Caliber Home Loans

Caliber Home Loans is an Irving, Texas-based home mortgage originator and servicer established in 2013 by the merger of Caliber Funding and Vericrest Financial.

The firm is owned by affiliates of private equity fund manager Lone Star Funds.

Leadership

Caliber Chairman and CEO Joe Anderson is a former manager of Countrywide Financial’s Consumer Markets Division. Caliber’s Chief Operating Officer, Chief Financial Officer, and Executive Vice President of Operations are former Countrywide executives.

The United States Department of Justice alleged that Countrywide's Consumer Markets Division "engaged in a pattern or practice of discrimination on the basis of race and national origin" from 2004 to 2008. In 2011 the DOJ settled the allegations with Countrywide’s then-owners for $335 million.

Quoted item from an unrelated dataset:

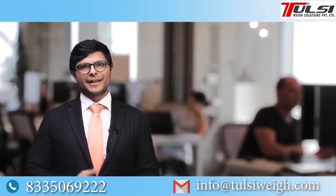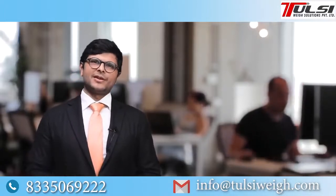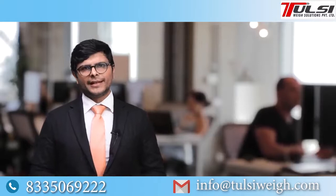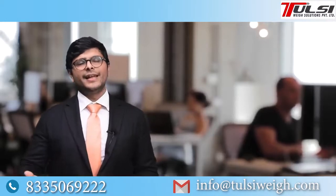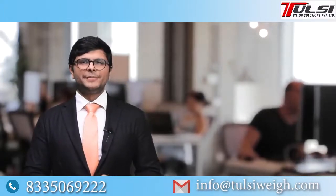Hello everyone. So you are about to make a weighbridge buying decision. Every prospective buyer has the most common question: which weighbridge is best suitable for me? Often someone guides them and they don't know the factors, and they get misguided to the wrong type of weighbridge. So it is very important to know which weighbridge is best suitable for you.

In 2014 the Department of Justice reached a $16 billion settlement that in part covered DOJ claims of "origination of defective residential mortgage loans by Countrywide’s Consumer Markets Division" and "the fraudulent sale of such loans to the government sponsored enterprises Fannie Mae and Freddie Mac."

Growth

Caliber’s servicing portfolio has grown from $6.5 billion in March 2012 to $75.2 billion in June 2015. Caliber’s growth has been fueled in part by its purchase of non-performing loans from the United States Department of Housing and Urban Development and government-sponsored enterprises like Fannie Mae and Freddie Mac.

Housing advocates and borrowers have criticized Caliber for reportedly foreclosing on struggling borrowers, and selling their homes to affiliates of Lone Star Funds. The New York Times reported in September 2015 that "the acquisition of distressed mortgages by Lone Star is the engine in a well-oiled securitization machine that assumes that foreclosure and resale of the homes are inevitable components of the process."

Senator Elizabeth Warren and Representative Michael Capuano have criticized HUD and the Federal Housing Finance Agency's sale of non-performing loans to companies like Lone Star Funds.

In October 2015, the New York Times reported that New York Attorney General Eric Schneiderman had opened an investigation into Caliber Home Loans after receiving a "surge in consumer complaints."